# EXERCISE AIM:
For this exercise, repeat exactly the lines below starting at the line holding "Quick-change Saw Blade" and ending at the line holding "LINUS PAULING-SEL SCI PAPER (V1)", both included, with no extra lines and no pictures.

○ ○ ○

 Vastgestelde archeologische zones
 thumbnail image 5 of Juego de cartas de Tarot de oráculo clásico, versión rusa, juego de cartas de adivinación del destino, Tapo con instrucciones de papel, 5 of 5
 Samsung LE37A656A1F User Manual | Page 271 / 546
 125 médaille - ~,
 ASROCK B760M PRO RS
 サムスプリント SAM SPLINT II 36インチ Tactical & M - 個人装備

○ ○ ○

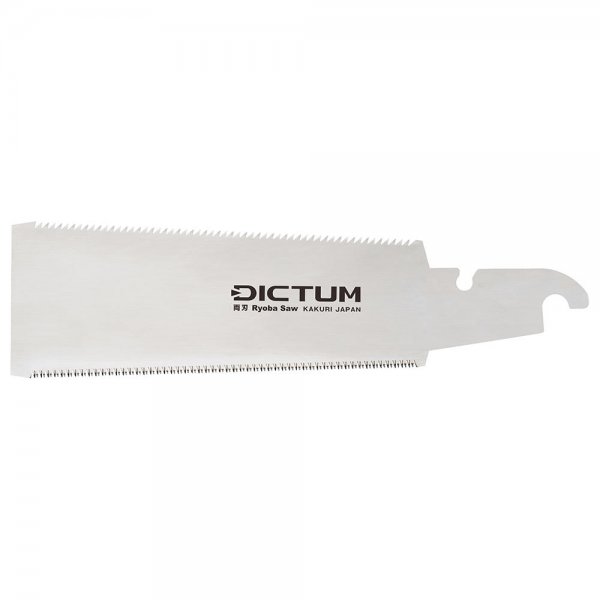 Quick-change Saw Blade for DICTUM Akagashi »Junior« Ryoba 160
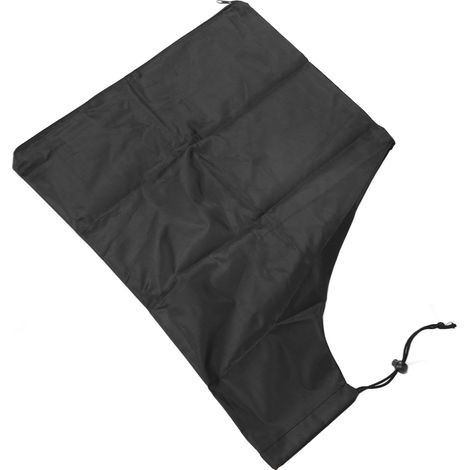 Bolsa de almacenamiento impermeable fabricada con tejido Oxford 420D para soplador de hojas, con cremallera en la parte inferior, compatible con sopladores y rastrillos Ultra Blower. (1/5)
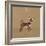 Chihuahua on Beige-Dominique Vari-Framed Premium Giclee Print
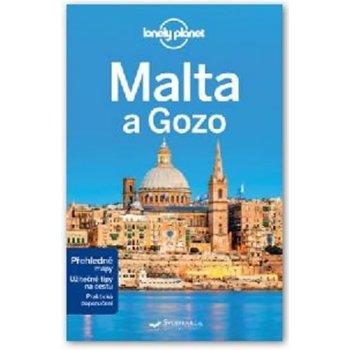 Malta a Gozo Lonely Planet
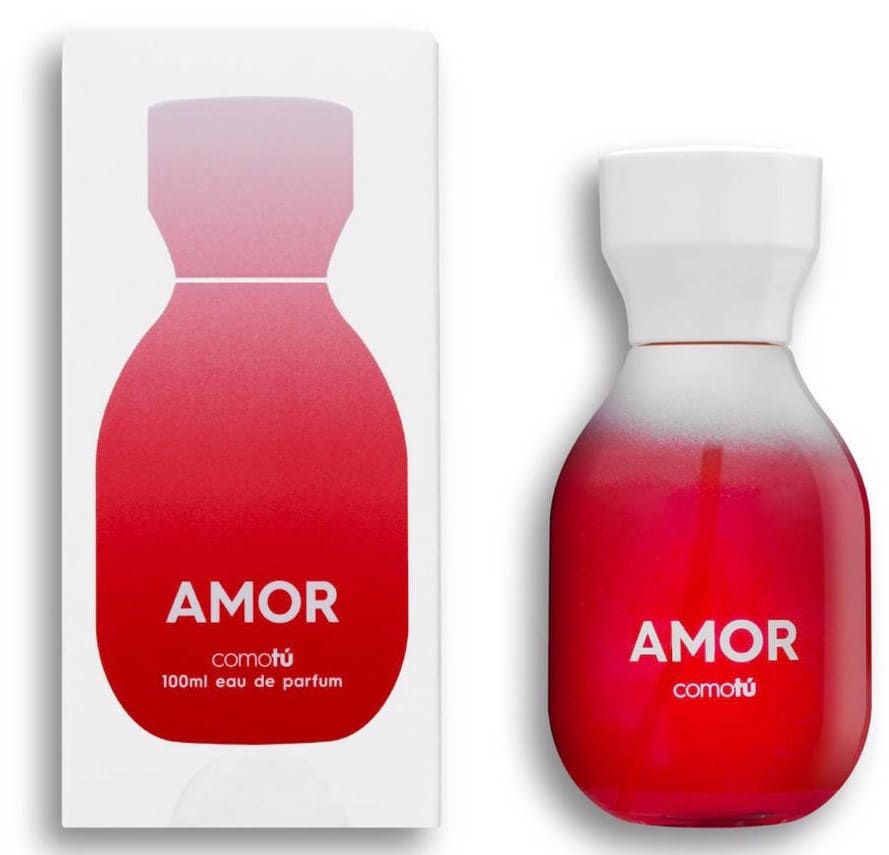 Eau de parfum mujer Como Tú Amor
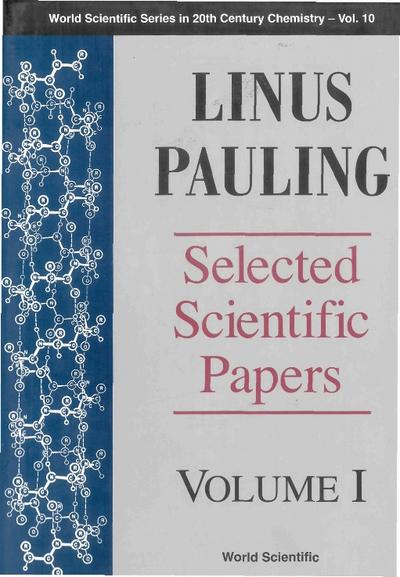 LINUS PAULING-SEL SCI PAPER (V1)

○ ○ ○

# RESULT OF THIS EXERCISE:
 Quick-change Saw Blade for DICTUM Akagashi »Junior« Ryoba 160
 Bolsa de almacenamiento impermeable fabricada con tejido Oxford 420D para soplador de hojas, con cremallera en la parte inferior, compatible con sopladores y rastrillos Ultra Blower. (1/5)
 Chihuahua on Beige-Dominique Vari-Framed Premium Giclee Print
 Malta a Gozo Lonely Planet
 Eau de parfum mujer Como Tú Amor
 LINUS PAULING-SEL SCI PAPER (V1)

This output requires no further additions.